Elderly patients requiring cataract surgery endured the worst waits, with 40 per cent of the most urgent cases waiting longer than a month for a consultation, two-thirds of Category 2 patients waiting longer than the 90-day limit and one-third of Category 3 waiting more than a year to see an ophthalmologist.
Alarmingly, 18 per cent of cancer patients sent to hospital for urgent treatment were still waiting to see an oncologist more than a month after their GP’s referral. For plastic and reconstructive surgery – required after an accident or other surgery – more than half of the most urgent cases have to wait more than a month to see a specialist.
At Queensland’s biggest hospital, the Royal Brisbane and Women’s Hospital, 16,371 patients in need of an operation were waiting to see a specialist in January, before they could join the surgical waiting list.
Barely a quarter of patients needing brain surgery were seen by a neurosurgeon within the 30-day limit, with just 28 per cent of Category 2 patients seen within three months.
Thirteen per cent of cancer patients were waiting longer than the 30-day limit for the most urgent cases.
Children requiring heart surgery are having to wait months to see a specialist at the new $1.5 billion Queensland Children’s Hospital.
Nearly half the sick children in Category 1 had to wait more than the 30-day time limit to see a cardiologist, while half those in Category 2 had to wait longer than three months and three-quarters of Category 3 children were waiting longer than a year.
Only 56 per cent of children requiring an urgent appointment with a neuro-surgeon were seen within 30 days.
And just half the kids needing a urologist, a third of those requiring an ear, nose or throat consultation, and a quarter of those referred for endocrinology or gastroenterology were seen within 30 days for the most urgent cases.

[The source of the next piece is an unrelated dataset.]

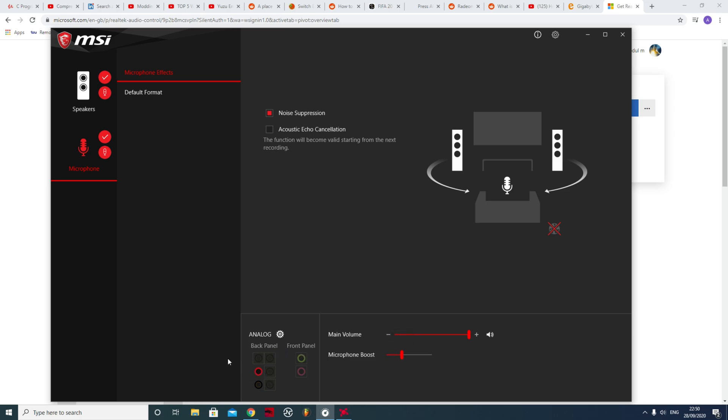See, even with the microphone boost on, it makes my voice louder but it still suppresses the noise a lot. So the noise is still really suppressed compared to what you would have had before, and my voice would be a lot louder.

At the Sunshine Coast University Hospital, only 10 per cent of patients referred to a gastroenterologist for stomach problems were seen on time, with 92 per cent of the most urgent cases waiting more than the 30-day limit, and 71 per cent of the least urgent cases waiting more than a year.
Queensland Health said that “hospital data does not always capture the complex issues … clinical teams face in treating them in the recommended time frames’’, due to an average day’s variety of cases, including 5500 accident and emergency patients.